What Should a Code of Conduct Do (Or Not Do)?

Lately I’ve been spending a lot of time with law society codes of conduct. Not because I’m a law nerd (although I am), but because I’m preparing the second edition of my book Understanding Lawyers’ Ethics in Canada. Much of the time I’m impressed with the codes. They provide clear and helpful guidance to lawyers on a number of important questions of practice, such as how to manage a joint retainer, or withdrawal from representation in the context of a criminal trial. A lawyer trying to answer a question about her duties should start by consulting her law society’s code of conduct.

At the same time, however, the codes of conduct contain a number of provisions that really bother me. Specifically, they contain provisions that are at best unhelpful and, at worst, dishonest about what lawyers do for their clients, and what they are obliged to do for their clients. Take for example Federation Model Code Rule 5.1-2(b), which tells a lawyer that when acting as an advocate she must not “knowingly assist or permit a client to do anything that the lawyer considers to be dishonest or dishonourable.” I may be willing to grant the dishonest part, particularly when combined with “knowingly”. It is clear, for example, that a lawyer must not knowingly assist a client to lie to the court or to others. Although even there I am somewhat troubled by the phrase “the lawyer considers to be dishonest;” I would have thought in the context of advocacy a lawyer ought to have some objective basis for knowing that the client is being dishonest, rather than simply making a subjective assessment about whether she “considers” her client to be dishonest. However, I can live with that – the general rule is sound, even if inartfully expressed.

But what does dishonourable mean? Seriously – in a modern, urban, pluralistic society, what does it mean to act “dishonourably”? The whole idea of honour is imbued with an historical, privileged and – I think – masculine ideal that seems unlikely to create any intuitive direction towards right conduct for a modern lawyer.

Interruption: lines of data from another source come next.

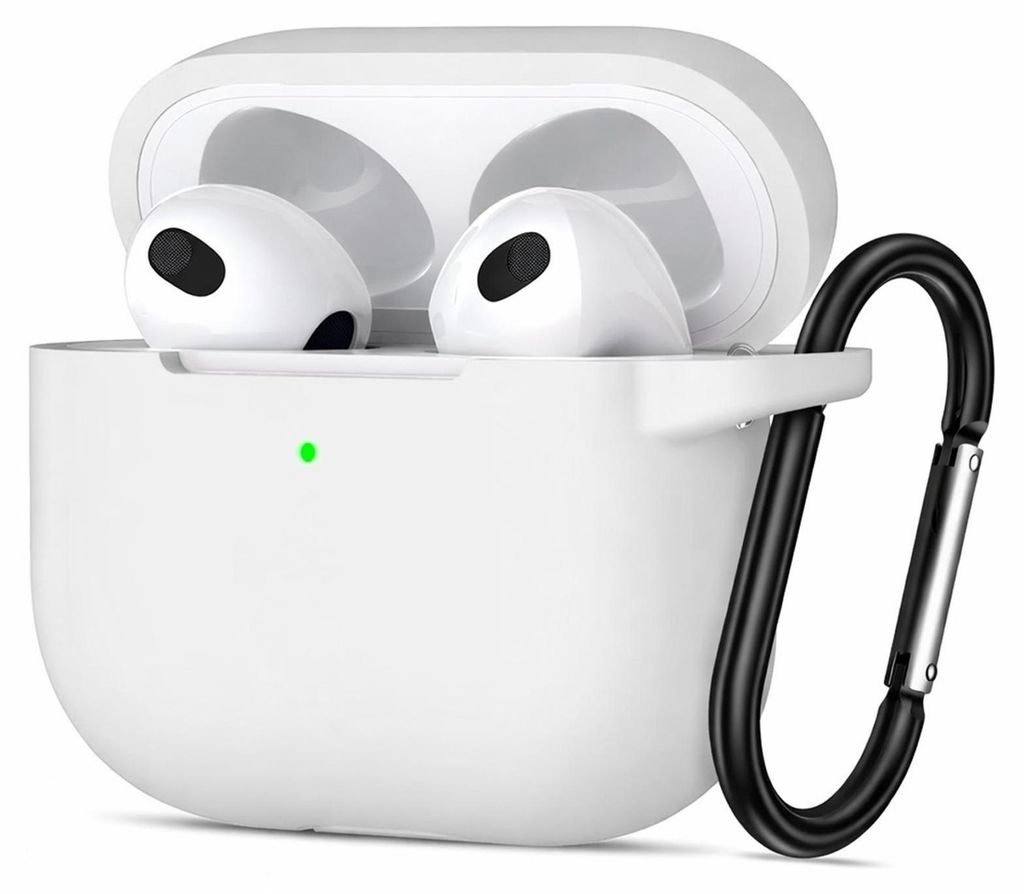AirPods 5 Silikon Schutzhülle mit Karabiner, Soft Touch Produktbild 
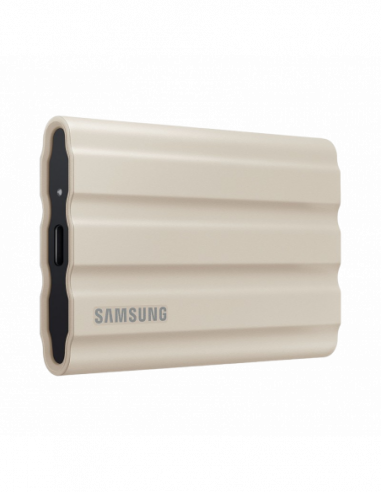 USB3.0 Внешний портативный SSD 1.0TB Samsung Portable SSD T7 Shield Beige- USB-C 3.1 (88x59x13mm- 98g-RW:10501000MBs- IP65)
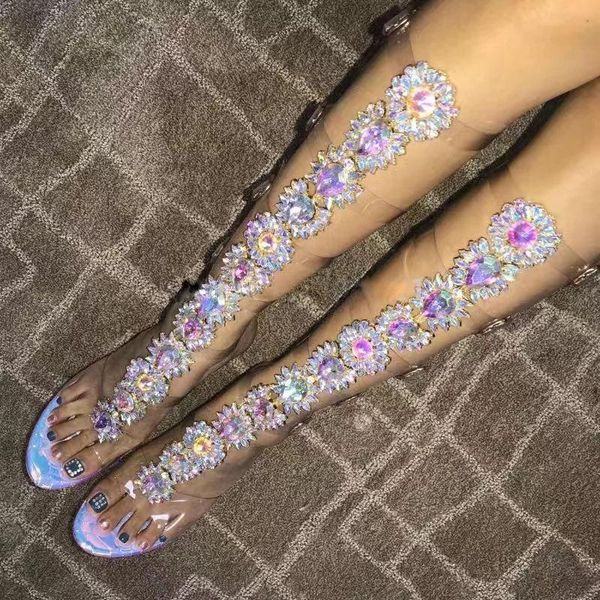 boots bling gemstone pvc straps sandals peep toe buckle t-strap rhinestone diamond clear high heel summer knee, Black
boots bling gemstone pvc straps sandals peep toe buckle t-strap rhinestone diamond clear high heel summer knee, Black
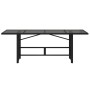 Garden table with black PE rattan surface and glass top, measuring 190x80x75 cm. by vidaXL, Garden tables - Ref: Foro24-36560...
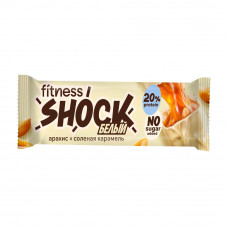 Батончик Протеиновый FitnesShock Белый Соленый Арахис 50г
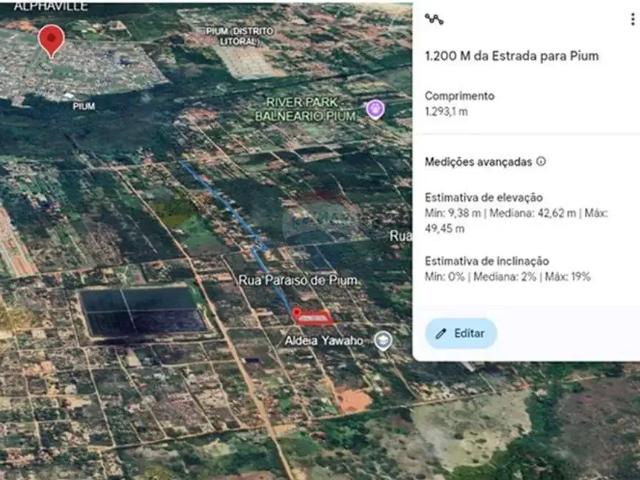 Terreno / Lote para Venda em Nísia Floresta/RN Povoado de Pium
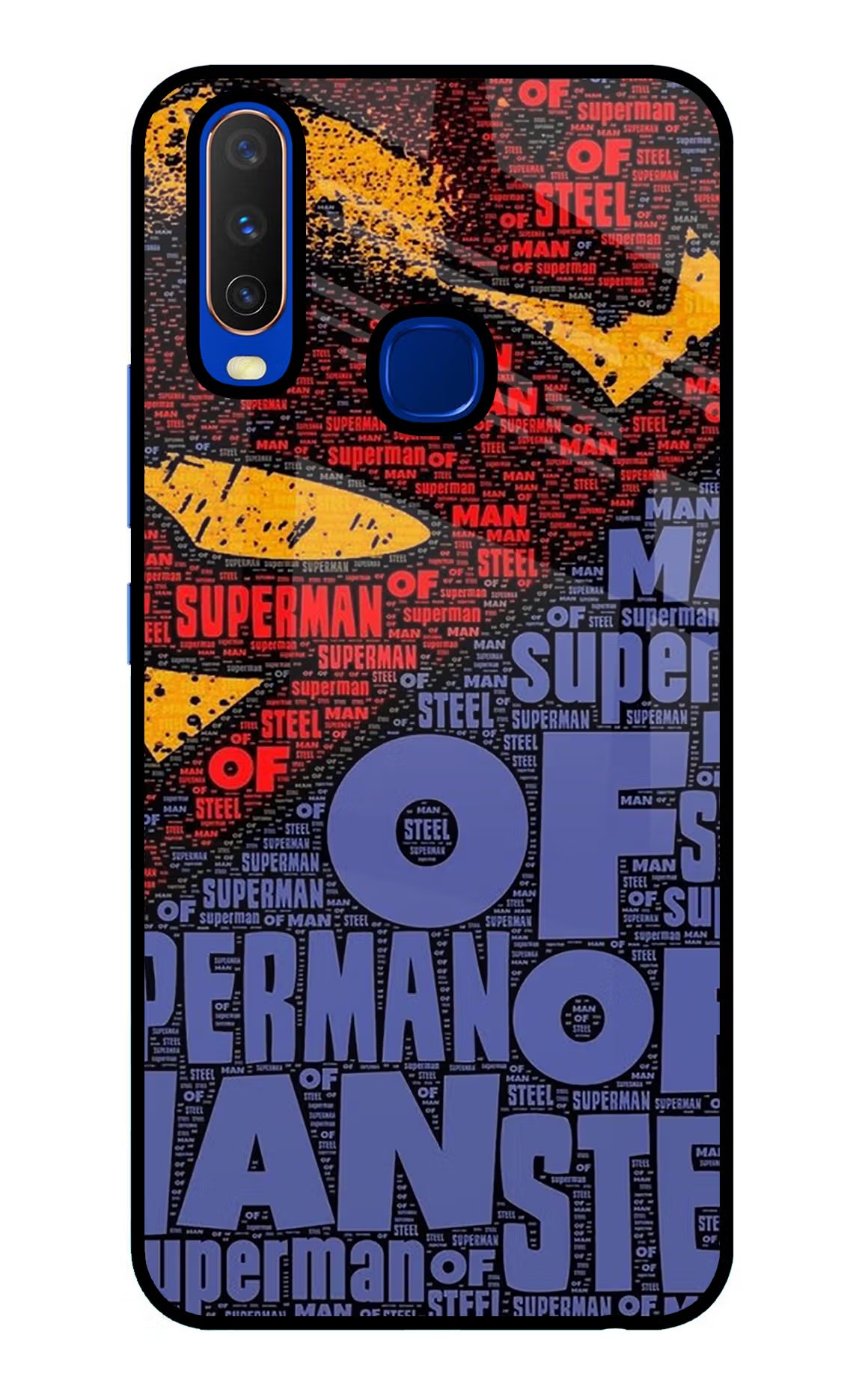 Superman Vivo Y15/Y17 Glass Case - Superman Vivo Y15/Y17 Glass Case Superman Vivo Y15/Y17 Glass Case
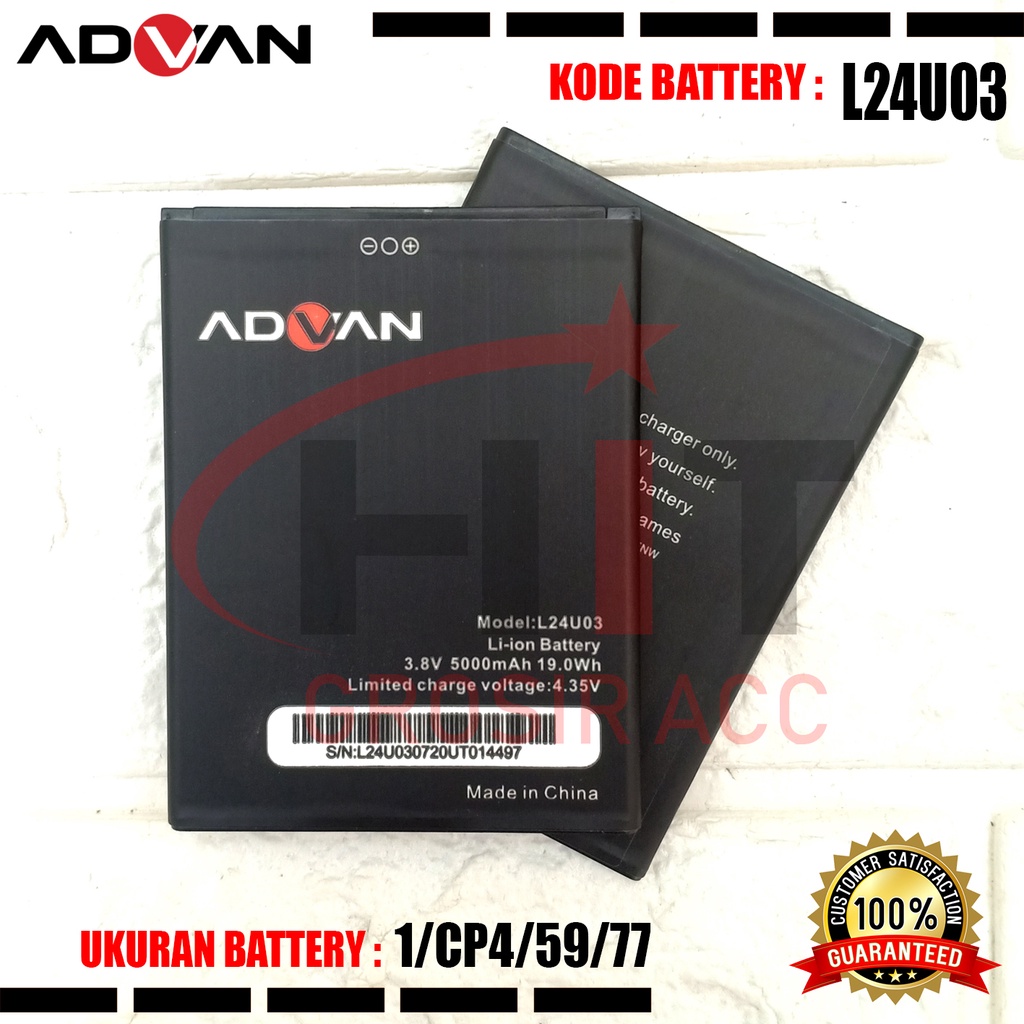 Baterai Battery Original ADVAN Nasa 5202 5.2 Inchi L24U03 Vandroid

And to the extent dishonour has meaning, that meaning seems likely to be more specific and subjective than general and objective. I might think it is dishonourable to divorce your spouse of 30 years who deeply loves you even if he doesn’t truly understand your devotion to yoga, but others would see that decision quite differently, as a legitimate pursuit of self-actualization. What kind of meaningful guidance does a direction not to help my client act dishonourably provide to me? None. And – worse – what guidance ought it to provide to me? Ought I to tell the yogi that I won’t help her obtain her divorce? Of course not. So why do we have a rule which in any way suggests that I should?

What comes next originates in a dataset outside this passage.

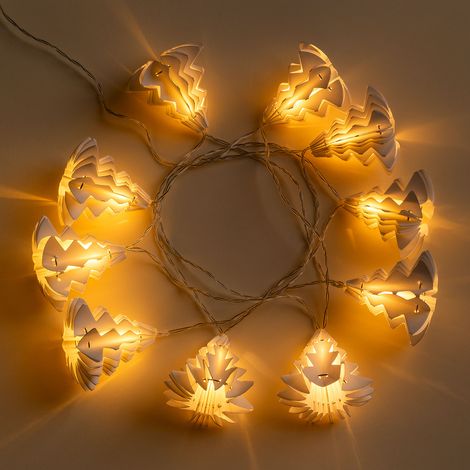 Guirnalda decorativa Navideña con luces LED 2,20 m Abete SKLUM       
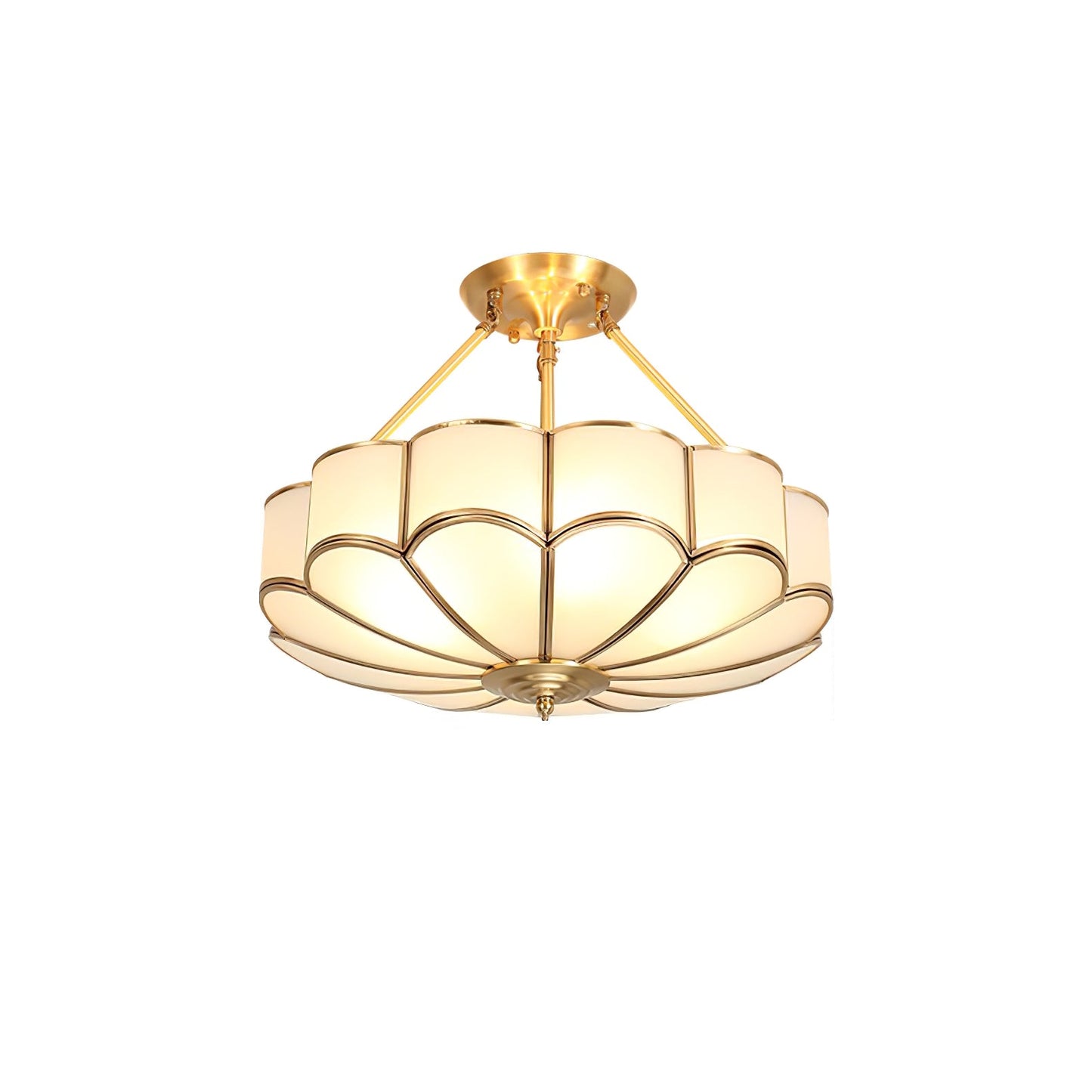 Noemi Flower Shaped Glass Ceiling Light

The rule is at best unhelpful and at worst misleading. But it has another aspect I think corrosive. It makes a claim about lawyers, and what we do, that means that when lawyers do the things they are actually required to do – such as cross-examine victims of a crime to challenge their credibility – those lawyers cannot use the statement of their professional duties to explain and justify their conduct. While the cross-examining lawyer may be able to note that the ethical boundaries on cross-examination are not to “needlessly abuse, hector or harass a witness” (Rule 5.1-2(m)), and to argue she stayed within that constraint, she remains stuck with a statement that her role precludes dishonourable conduct.[1] And as I’ve noted, dishonourable is a big enough word to create an infinite array of sins, certainly an array large enough to include making a victim feel humiliated or disbelieved. Or representing a client who is a bad man. Or pursuing a lawful but morally dubious claim. The work of a lawyer requires her to do things that could plausibly be described as dishonourable. When we claim that lawyers have a duty to do otherwise, a duty not to help their client be dishonourable, we push their conduct outside of our definition of the role that it in fact properly falls within.

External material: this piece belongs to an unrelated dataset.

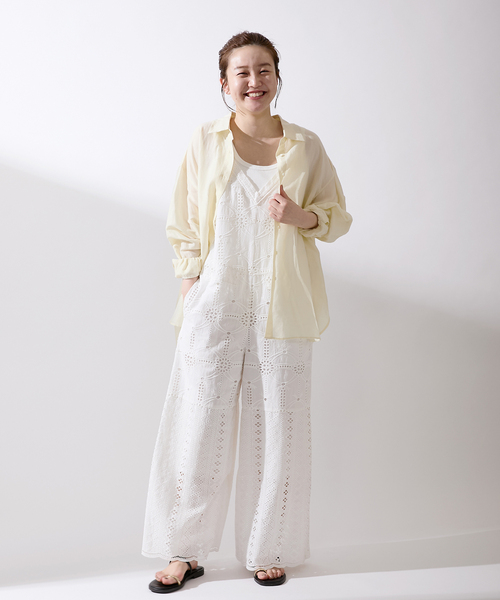 IENA◆長袖シャツ/38/--/21-050-900-0390-1-0 IENA 「IENA」 長袖シャツ 38 ベージュ レディース : ZOZOTOWN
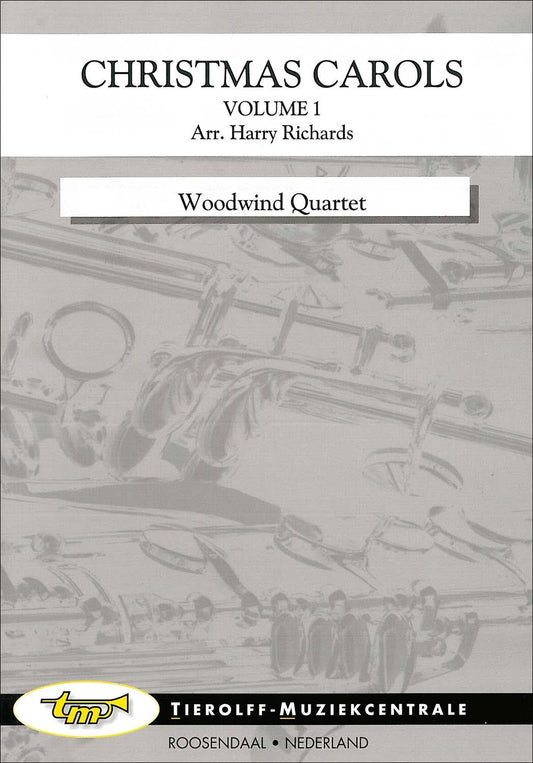 木管四重奏のためのクリスマス・キャロル 第1巻/Richards編: スコアとパート譜セット 【輸入:木管アンサンブル】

Other similarly rant-worthy rules include the duty to act “honourably and with integrity” (Rule 2.1-1) and to uphold the “reputation of the legal profession” (Rule 2.1-2, which has a host of other issues).

Codes of conduct should guide lawyers. They should articulate lawyers’ duties, both specific and general. But they should not make meaningless, dishonest and unhelpful statements that say that lawyers ought not to do things that their representation of their clients – at least sometimes – requires them to do.


[1] I recognize that technically it only precludes helping a client act dishonourably. But surely that includes the lawyer herself acting dishonourably in pursuit of a client’s cause.